SAN JOSE, Calif. (KTVU) - Almost tucked out of sight in Downtown San Jose, a three-mile stretch of the Guadalupe River Park that has become city a within a city. Unhoused residents live in tents, vehicles, and shanties – sharing this space with debris, trash, waste, and fear they’ll be forced to leave.
"We always worry about whether or not we’re gonna have to be swept (out by the city). And it’s a constant concern," said homeless San Jose resident Steve Richenberg.
Mayor Sam Liccardo is proposing building high quality, dorm-like structures on an overflow parking lot currently used by the police department.
"We’ve got an opportunity build a community for our unhoused residents," said Liccardo.

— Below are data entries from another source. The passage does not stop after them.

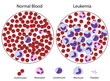 © Alila Medical Media - Leukemia versus normal blood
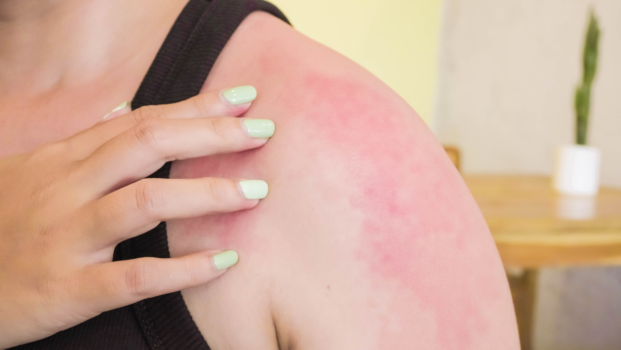 Ways to Reduce Inflammation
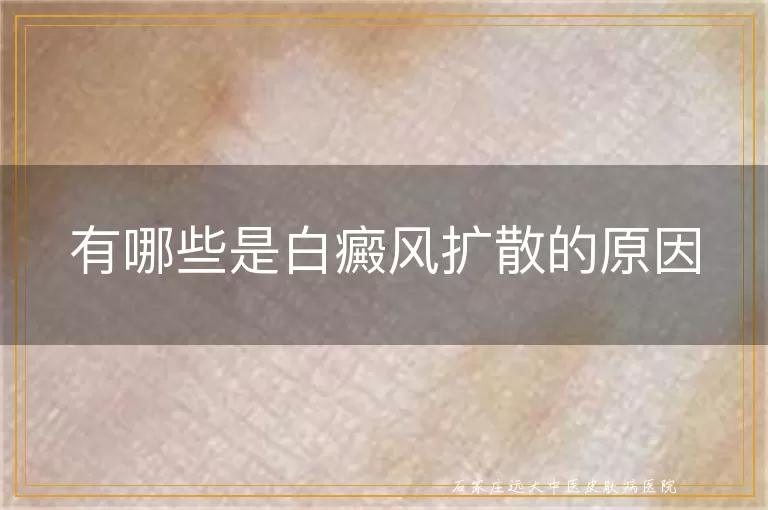 有哪些是白癜风扩散的原因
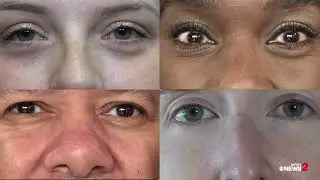 EMDR: Can these eye movements cure PTSD?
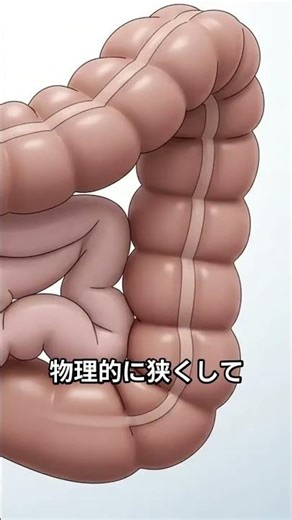 便秘は“放置NG”！運動や食物繊維では治らない“危険な便秘”とは？【医師解説】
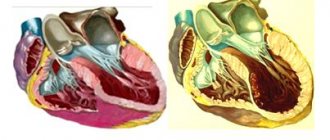 Различие между нормальной формой левого желудочка (1) и аневризмой (2)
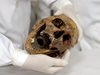 Студенти в Бразилия ще учат по скелета на Менгеле
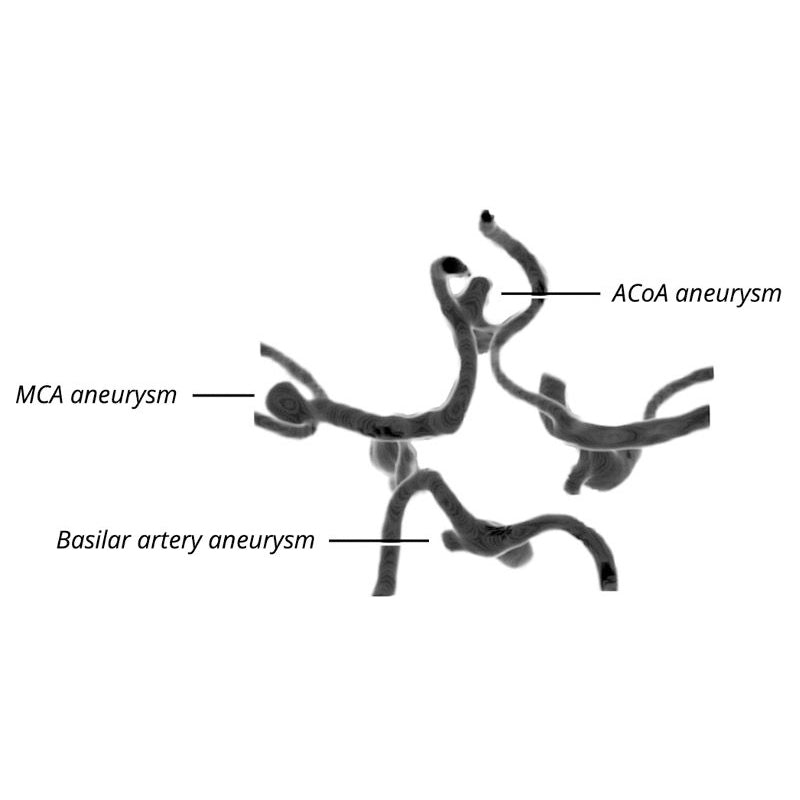 CTA Aneurysm Head Phantom for CT Scan and X-Ray Training - High-Quality Medical Simulation Tool for Radiology Education and Diagnostic Practice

The area would house up to 80 residents, at a cost of $100,000 per unit, as opposed to the market-driven $700,000 per unit for new developments.

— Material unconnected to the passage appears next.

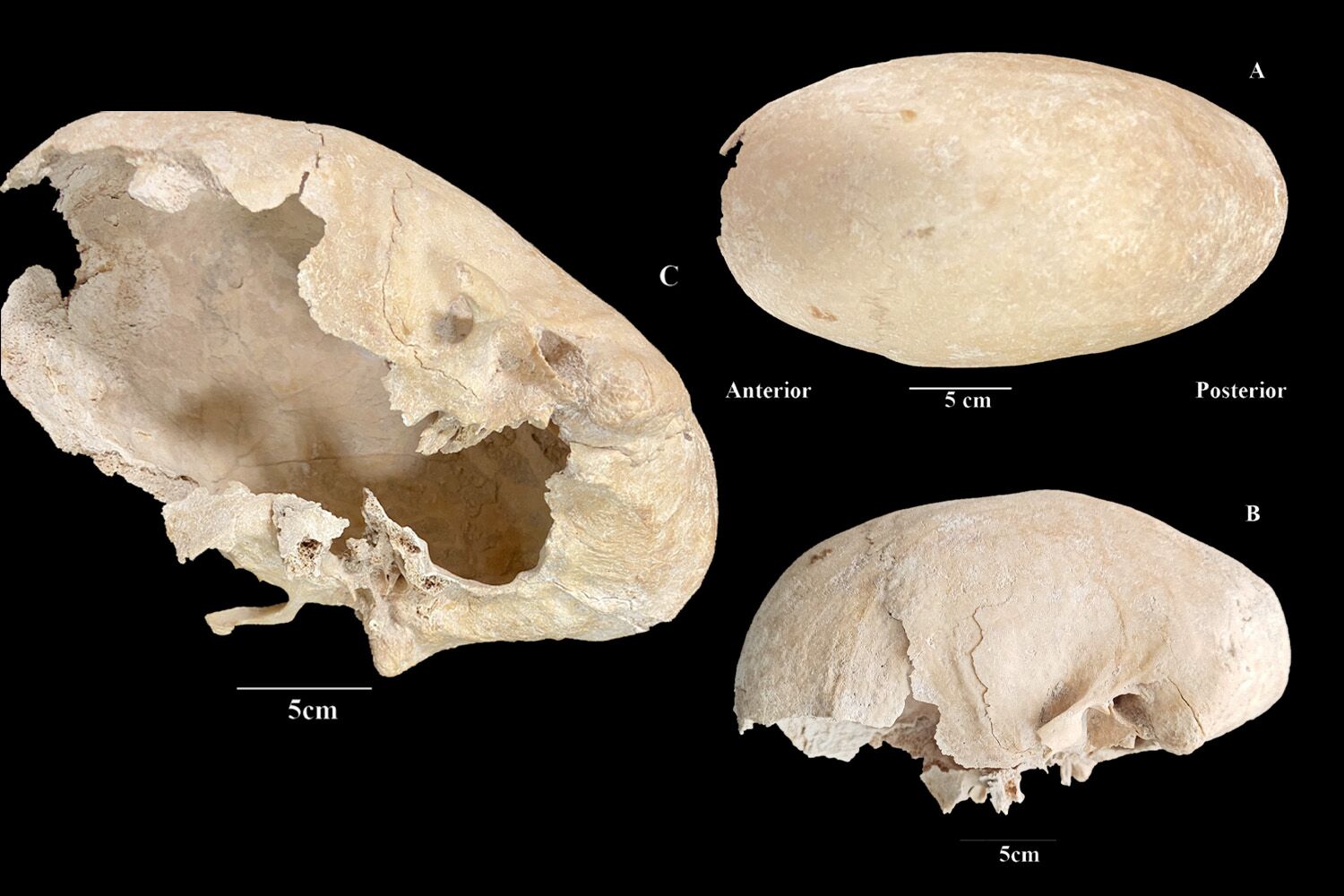 “Nunca tinha visto nada assim”. Cavaleiro da Ordem de Calatrava tinha crânio alongado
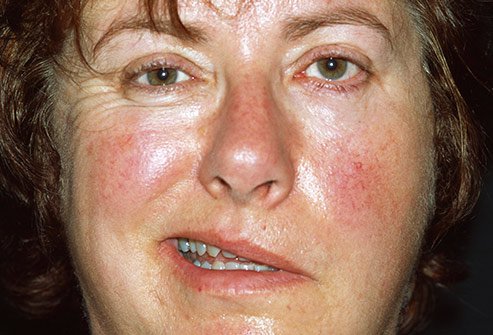 Bell's palsy can be responsible for facial paralysis.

"And within this community, to be able to form a core of stewards. Folks who will wake up every morning to help to beautify, repair, and to clean the park," the mayor said.

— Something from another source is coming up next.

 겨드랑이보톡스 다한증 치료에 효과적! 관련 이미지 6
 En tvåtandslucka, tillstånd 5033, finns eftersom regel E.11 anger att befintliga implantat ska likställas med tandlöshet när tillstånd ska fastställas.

Liccardo explained the park has gone from attraction to eyesore over the course of two decades. This is partially due to the recent COVID-fueled increase in the homeless population.
"The people on the streets are not being tended to. Not like they used to. Because all of us that run organizations for the unhoused are not out here because of COVID," said Scott Wagers, pastor of CHAM Deliverance Ministry.
Monday, a fire allegedly started by homeless squatters, damaged a visitor’s center. Some environmentalists have said such damage can extend to wildlife.
"They should have been asking for help 28 years ago. And they never did. And now it’s spiraled out of control," said Roger Castillo, of the Salmon & Steelhead Restoration Group.
The mayor’s plan would have tiny home residents on the new site help with park caring and cleaning.
San Jose State University sociologist Dr. Scott Myers-Lipton said pay for such work should come prior to any required training the city might impose on the new residents.
"You can’t ask them to have the modules (tiny homes) and take care of it, and not get paid. They should be paid," he said.
The mayor counters all unhoused residents would be paid under the San Jose Bridge Program.
Questions remain about what to do with those unwilling to leave from their current dwellings and move into one provided by the city. some of the unhoused say any small step in the right direction is better than living in their current conditions.